JAKARTA - Indonesia kebanjiran permintaan ekspor akibat perang dagang antara Tiongkok dan Amerika Serikat (AS). Hal itu disampaikan Menteri Perdagangan (Mendag) Muhammad Lutfi.

Menanggapi fenomena ini, dia meminta pemerintah serta stakeholder terkait agar memfasilitasi para pelaku Usaha Kecil dan Menengah (UKM) untuk dapat memperluas pangsa pasarnya sampai ke pasar global.

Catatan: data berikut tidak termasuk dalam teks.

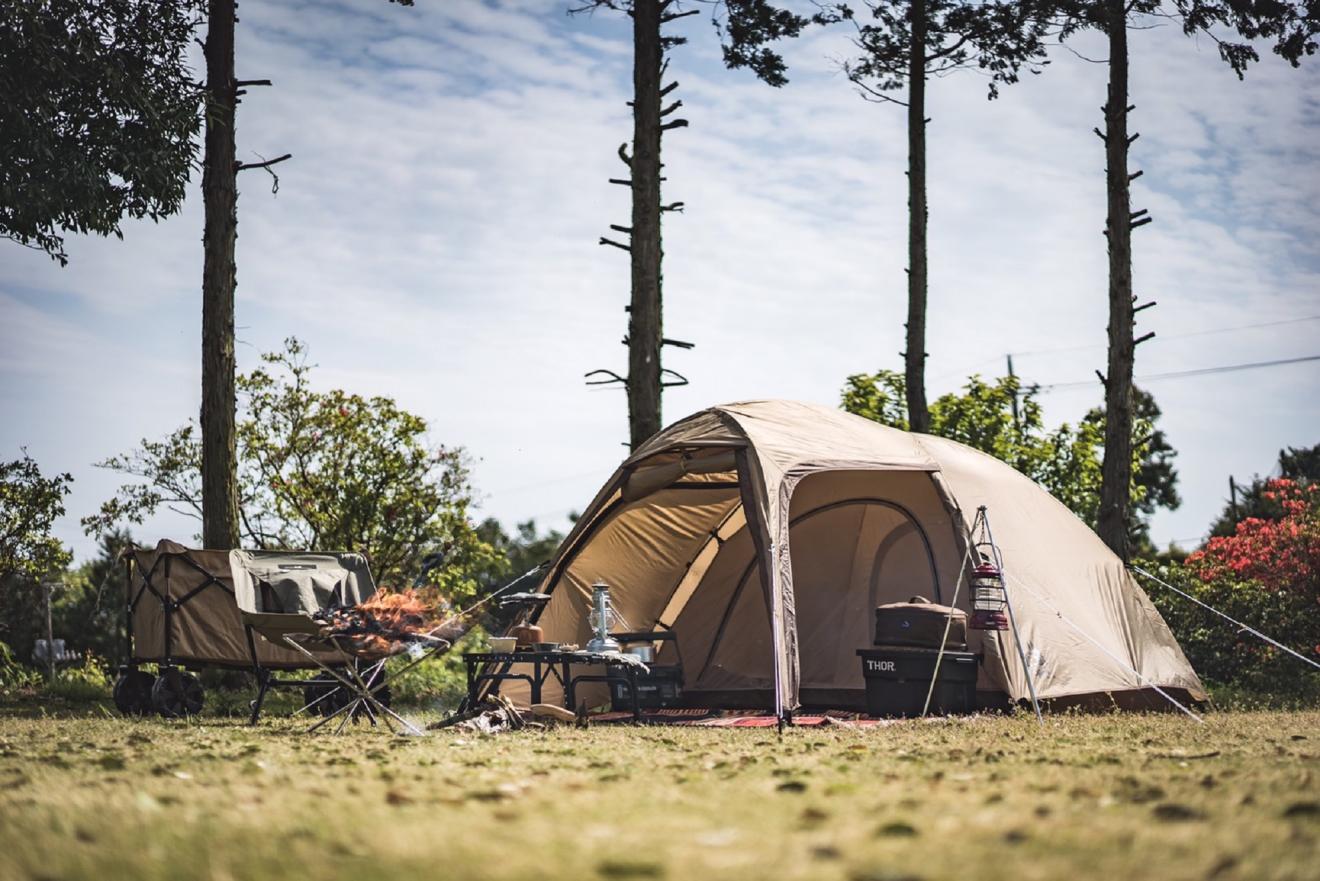 【欠品中】ステイシ－ST-Ⅱ × 1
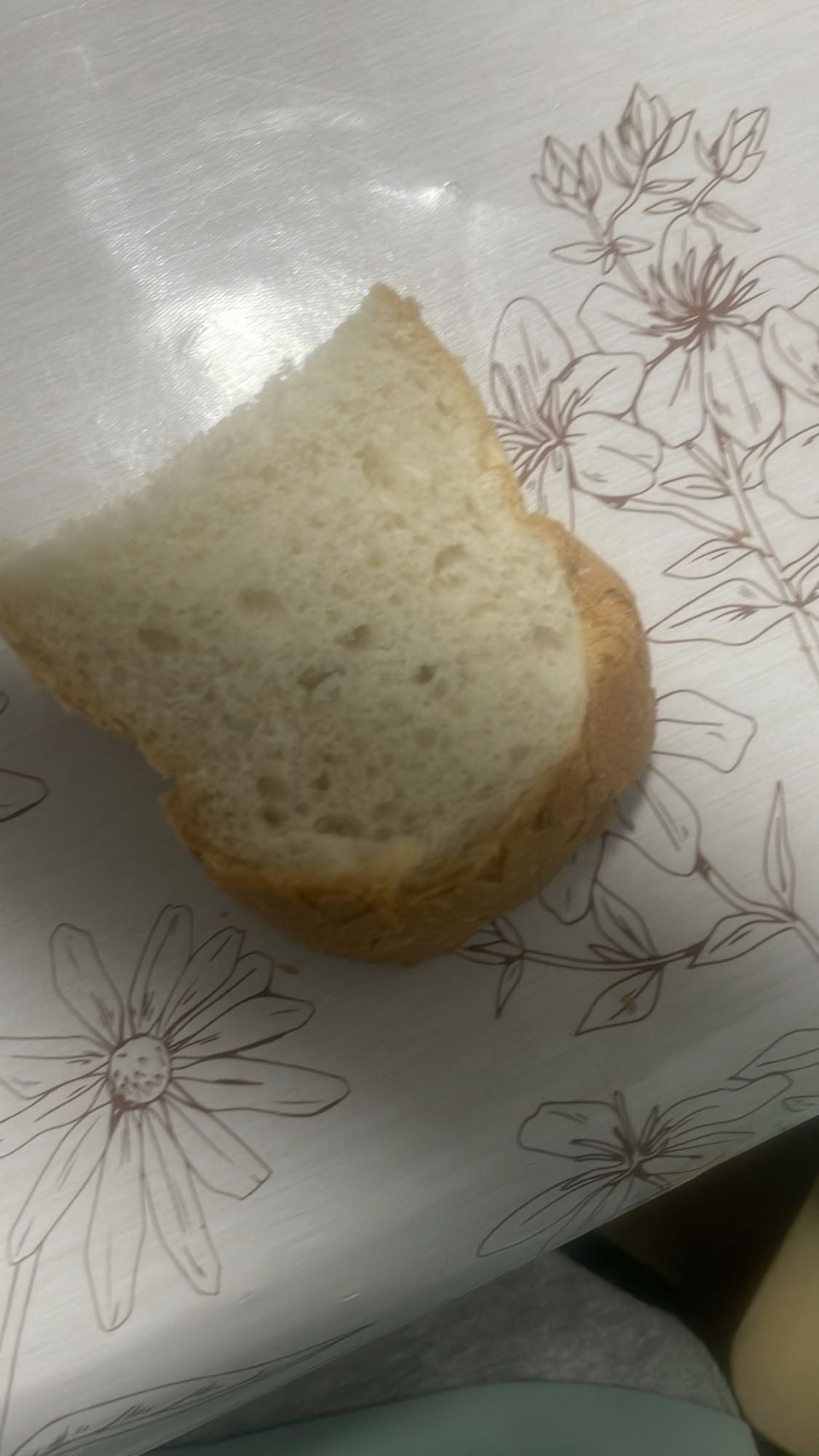 ломтик белого хлеба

Menurut Mendag, tarif pengiriman barang ekspor melalui laut saat ini meningkat lima hingga sepuluh kali lipat dari sebelumnya, menjadi USD10 ribu hingga USD20 ribu per kontainer. Dia pun mengusulkan pengiriman jalur udara alih-alih laut bagi pelaku UKM, khususnya mereka yang menjual produk ukuran kecil atau ringan.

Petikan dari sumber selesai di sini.